Protecting long-term investors from dilution

Shulman believes his firm may be among the first ETF managers to systematically reject inflows, a decision rooted in fiduciary duty rather than contrarianism. 

XOVR holds more than $300 million in SpaceX exposure – its largest private holding – accumulated over time via a special purpose vehicle. That position has already appreciated by approximately $50 million in unrealized gains ahead of the IPO

Shulman's concern is that as new money floods into XOVR immediately before the offering, it dilutes the percentage exposure existing shareholders have built up, reducing the benefit they were intended to receive from the firm's long-term conviction play.

"Then they don't get the return that they were hoping to get. So they're disappointed. And we're disappointed for them," he said.

The 2% redemption fee is designed to discourage investors who might enter the fund to capture gains on IPO day and take profits right away. Shulman pointed to other cases of fund managers absorbing massive amounts of such "hot money" around high-profile IPOs – in some cases billions of dollars overnight – only for that capital to disappear just as quickly.

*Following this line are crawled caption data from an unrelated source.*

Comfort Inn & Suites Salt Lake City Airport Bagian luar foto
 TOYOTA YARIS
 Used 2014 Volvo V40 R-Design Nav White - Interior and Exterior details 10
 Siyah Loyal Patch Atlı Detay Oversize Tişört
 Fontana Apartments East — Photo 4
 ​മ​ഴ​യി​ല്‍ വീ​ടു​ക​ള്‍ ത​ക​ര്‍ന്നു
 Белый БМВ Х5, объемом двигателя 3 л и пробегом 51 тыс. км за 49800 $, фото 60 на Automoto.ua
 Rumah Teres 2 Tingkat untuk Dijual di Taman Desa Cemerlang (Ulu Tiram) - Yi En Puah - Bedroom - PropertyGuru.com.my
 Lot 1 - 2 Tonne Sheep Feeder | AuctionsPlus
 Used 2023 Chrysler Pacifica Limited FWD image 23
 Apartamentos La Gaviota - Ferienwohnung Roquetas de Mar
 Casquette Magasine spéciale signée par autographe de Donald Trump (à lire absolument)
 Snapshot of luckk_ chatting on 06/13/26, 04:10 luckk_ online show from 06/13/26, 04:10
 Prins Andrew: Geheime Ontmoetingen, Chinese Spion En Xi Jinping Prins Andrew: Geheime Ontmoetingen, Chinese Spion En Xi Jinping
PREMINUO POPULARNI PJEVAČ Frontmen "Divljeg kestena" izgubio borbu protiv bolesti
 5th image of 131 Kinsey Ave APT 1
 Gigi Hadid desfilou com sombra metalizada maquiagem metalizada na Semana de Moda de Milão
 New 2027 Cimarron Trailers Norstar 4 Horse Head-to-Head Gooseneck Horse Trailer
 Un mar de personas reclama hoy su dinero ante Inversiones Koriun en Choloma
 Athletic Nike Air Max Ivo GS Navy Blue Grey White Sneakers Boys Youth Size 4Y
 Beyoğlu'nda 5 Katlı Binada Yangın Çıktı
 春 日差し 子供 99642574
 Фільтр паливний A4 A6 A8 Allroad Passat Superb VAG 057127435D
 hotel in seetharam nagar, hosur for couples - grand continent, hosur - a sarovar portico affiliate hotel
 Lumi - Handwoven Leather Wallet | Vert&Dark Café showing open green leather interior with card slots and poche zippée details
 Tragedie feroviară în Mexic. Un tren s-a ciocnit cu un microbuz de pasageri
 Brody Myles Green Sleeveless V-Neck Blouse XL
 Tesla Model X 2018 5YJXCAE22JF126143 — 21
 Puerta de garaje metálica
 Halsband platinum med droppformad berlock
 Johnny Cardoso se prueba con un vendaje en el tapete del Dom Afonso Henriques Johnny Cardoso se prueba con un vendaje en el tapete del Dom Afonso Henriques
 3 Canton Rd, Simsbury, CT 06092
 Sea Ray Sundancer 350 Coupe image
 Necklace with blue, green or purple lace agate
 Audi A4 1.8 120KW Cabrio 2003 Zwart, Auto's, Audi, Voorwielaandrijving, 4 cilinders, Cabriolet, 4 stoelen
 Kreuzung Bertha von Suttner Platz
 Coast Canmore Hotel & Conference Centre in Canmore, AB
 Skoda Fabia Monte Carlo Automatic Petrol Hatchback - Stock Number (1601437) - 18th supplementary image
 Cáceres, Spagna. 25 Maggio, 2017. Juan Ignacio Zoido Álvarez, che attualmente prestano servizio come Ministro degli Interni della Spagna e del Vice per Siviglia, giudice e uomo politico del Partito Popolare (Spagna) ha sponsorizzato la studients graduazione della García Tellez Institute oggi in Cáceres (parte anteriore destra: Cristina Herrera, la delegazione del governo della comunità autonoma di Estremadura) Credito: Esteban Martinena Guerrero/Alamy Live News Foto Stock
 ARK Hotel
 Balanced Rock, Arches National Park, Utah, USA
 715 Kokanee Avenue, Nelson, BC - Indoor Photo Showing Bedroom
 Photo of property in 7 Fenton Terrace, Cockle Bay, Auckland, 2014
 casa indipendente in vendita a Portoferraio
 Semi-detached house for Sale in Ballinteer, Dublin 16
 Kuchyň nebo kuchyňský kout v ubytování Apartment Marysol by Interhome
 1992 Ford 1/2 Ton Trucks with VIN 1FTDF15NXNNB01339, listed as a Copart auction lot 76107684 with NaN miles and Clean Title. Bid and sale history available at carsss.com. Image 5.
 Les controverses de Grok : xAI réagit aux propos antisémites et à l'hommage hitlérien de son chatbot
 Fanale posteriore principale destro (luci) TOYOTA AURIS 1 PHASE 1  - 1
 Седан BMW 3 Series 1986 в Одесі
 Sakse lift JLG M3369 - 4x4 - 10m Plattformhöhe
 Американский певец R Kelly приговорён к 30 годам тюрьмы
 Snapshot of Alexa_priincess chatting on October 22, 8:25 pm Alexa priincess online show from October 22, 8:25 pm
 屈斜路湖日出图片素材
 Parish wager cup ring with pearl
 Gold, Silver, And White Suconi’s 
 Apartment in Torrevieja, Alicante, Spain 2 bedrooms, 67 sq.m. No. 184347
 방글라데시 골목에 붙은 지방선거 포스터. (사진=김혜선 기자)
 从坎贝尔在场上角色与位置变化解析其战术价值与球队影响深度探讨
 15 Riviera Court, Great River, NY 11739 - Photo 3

In January, when the fund's SpaceX position was much smaller, Shulman said the firm faced a similar situation as $1.4 billion arrived from five to ten large block trades over five days. The fund turned it away, effectively giving up roughly $1 million per month in management fees.

A 21-year lens on founder-led companies

ERShares' approach to SpaceX reflects a broader investment framework the firm has applied for more than two decades. The firm's Entrepreneur 30 Total Return Index, which underpins XOVR, uses what Shulman describes as a "VC lens" – 18 attributes developed partly during his time doing research at Harvard – to identify founder-led public companies with the characteristics venture capitalists look for before a company gets mainstream recognition.

The firm purchased Nvidia in 2005 at approximately $5 per share and has held it for 21 years. It also picked up Alphabet, nee Google; Tesla; and Meta, formerly Facebook, at or near their respective IPOs.

SpaceX, Shulman argues, fits that same mold – and then some.

"It's not just one growth engine, it's a three-engine empire. You've got space, you have telecom with Starlink, which is a cash cow, and then you have the optionality of putting data centers in space."

Holding up the firm's thesis is its assessment of Elon Musk as a founder-CEO. Shulman noted that Musk's net worth already exceeds the combined net worth of Sergey Brin of Google, Jeff Bezos of Amazon, Mark Zuckerberg of Meta, and Jensen Huang of Nvidia – even before the SpaceX offering.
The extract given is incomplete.